Conservatives will certainly rail against this last point saying that murder and violence are issues of personal responsibility, but the truth is inescapable. There are larger sociological causes to violence than personal decisions and pathologies, and there are other forms of violence beyond just individual acts. Violence is socially produced through the conditions and situations we create. Violence flourishes when people are vulnerable and desperate. Right now there is no more vulnerable a city than New Orleans, and no more desperate a people than its citizenry. If the Stop the Violence movement is serious about itself then it’s going to have to do something completely different than marching to City Hall to pressure Nagin to pump more money into the police force.
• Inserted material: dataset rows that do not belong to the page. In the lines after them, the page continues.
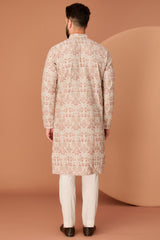 Beige-Cream floral chikankari kurta - kasbahmen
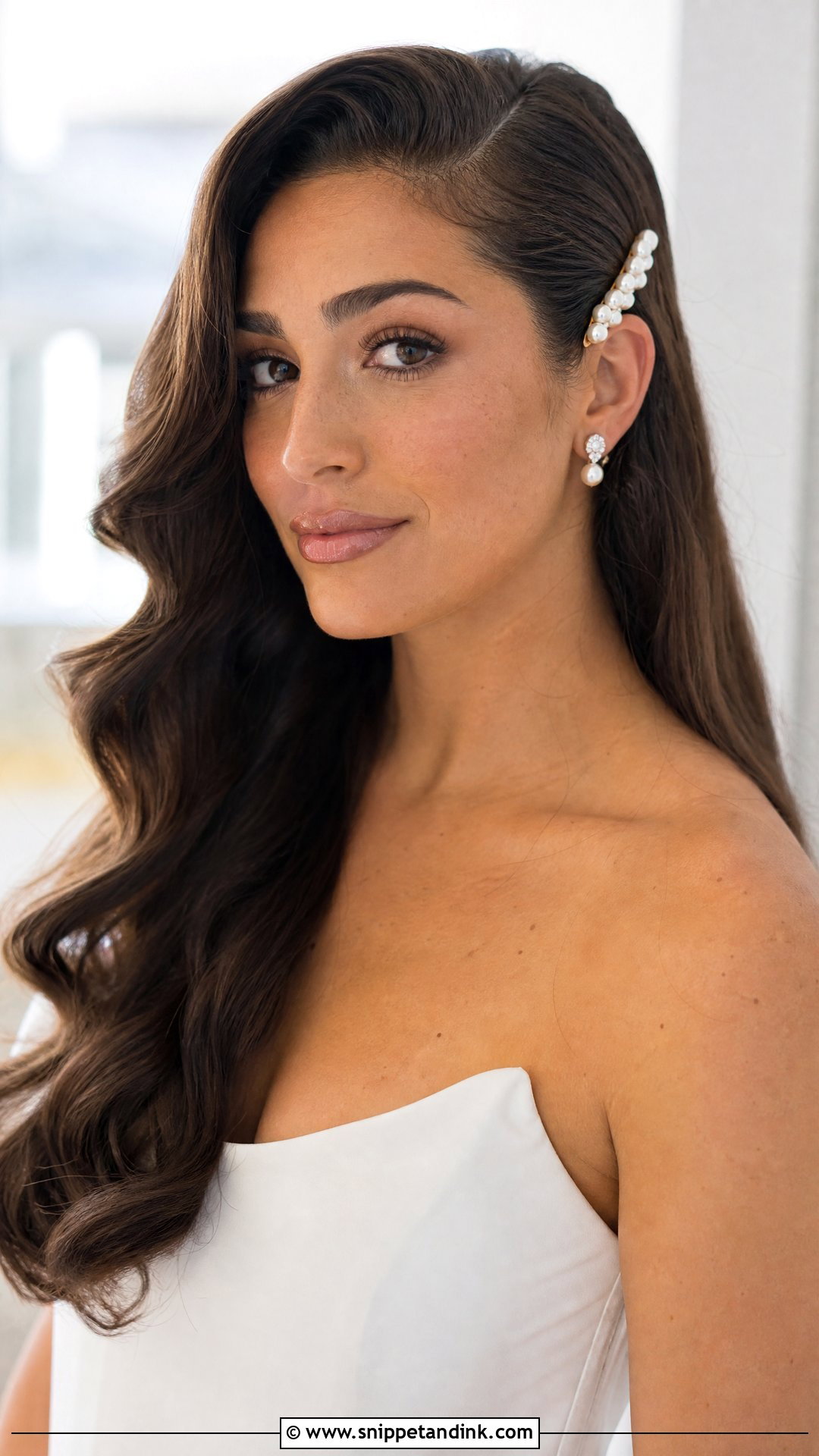 Wedding Hair With Pearl Clip Tucked Behind Ear - Snippet and Ink - 20 Wedding Hair Tucked Behind Ears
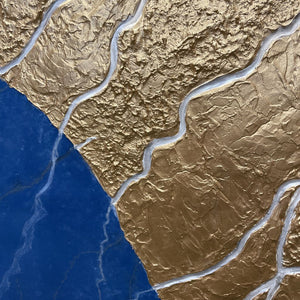 "Golden Lava" Blue & Gold w Veins Original Painted Compound Canvas
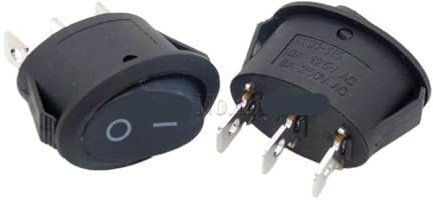 Mini interruptor basculante ovalado de 2 posiciones y 3 pines, color negro, encendido y apagado, CA 6 A, 250 V, 10 A, 125 V, for hervidor de agua.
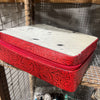 Red Large Rectangle Cowhide Jewelry Case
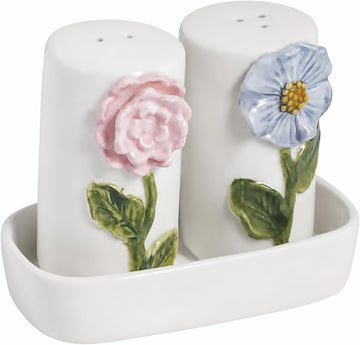 Stoneware Flower Salt And Pepper Shaker Set - Set of 3
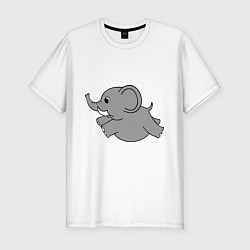 Мужская slim-футболка Летящий слоник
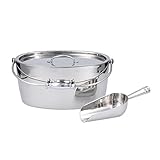 Crafthouse by Fortessa Professional Barware by Charles Joly Stainless Steel Oval Ice Bucket with Scoop, 2 Piece Set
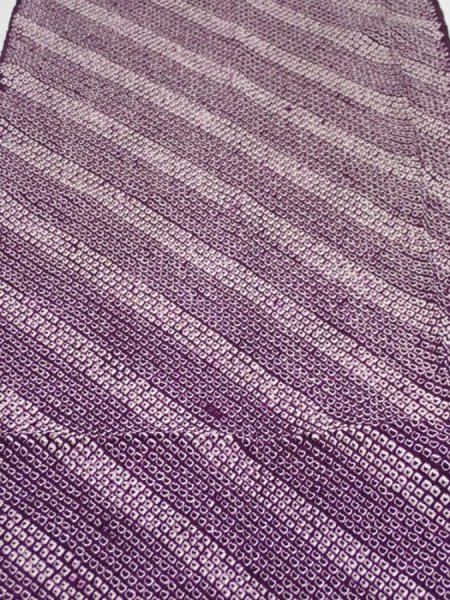 Photo1: 1Z04z60  Japanese Kimono Silk  FABRIC Shibori Dark purple 42.5x13.6 (1)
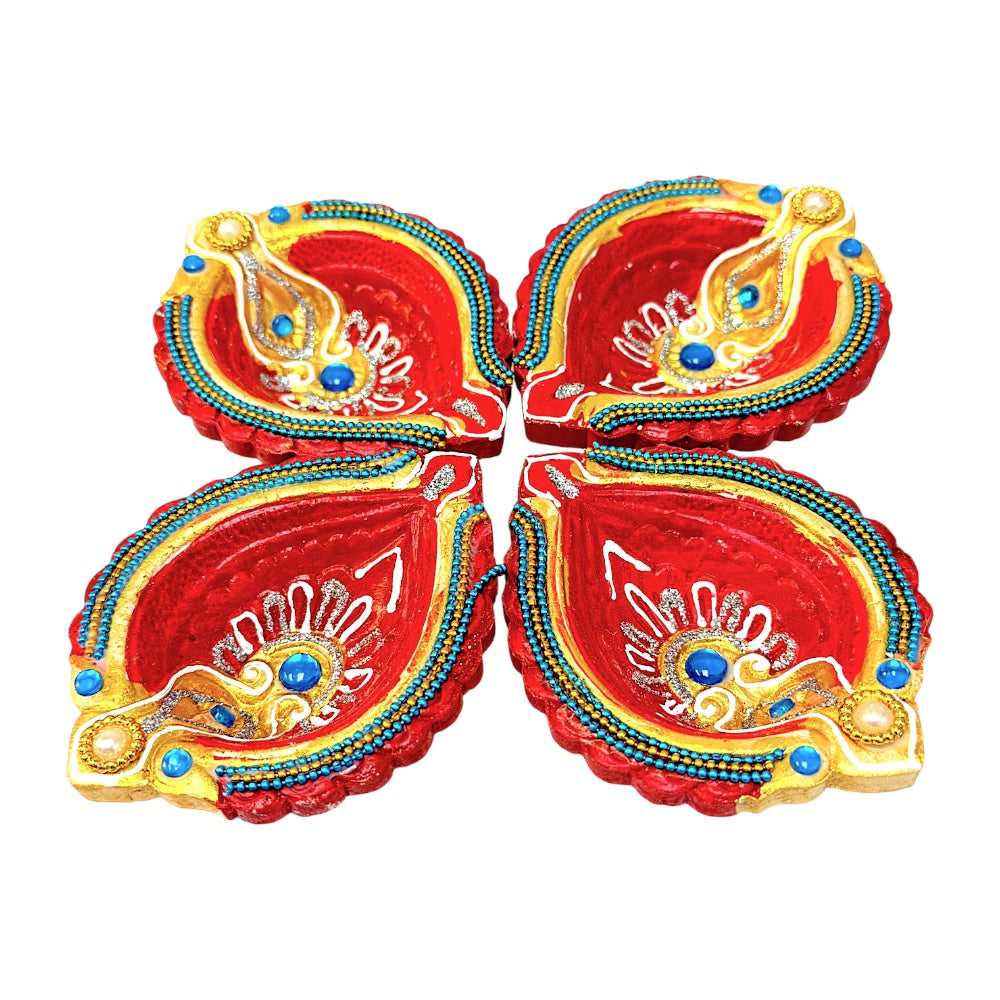 4 Pc Fancy colorful diya round (Shank)Turq, fuchia, red grn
It’s constituents, many of whom have been living in the isle of denial (that comfortable sliver of land by the river geographically and demographically separate from the rest of the devastated city) are going to have to realize that without hospitals, schools, good jobs with high wages, decent housing now, and much more, the city is just going to spiral further down. Murders are just the tip of the iceberg. Beneath it is the brutality of life in post-Katrina New Orleans and the reality that death and pain are close companions to those who have been displaced and dispossessed in the aftermath of the great flood.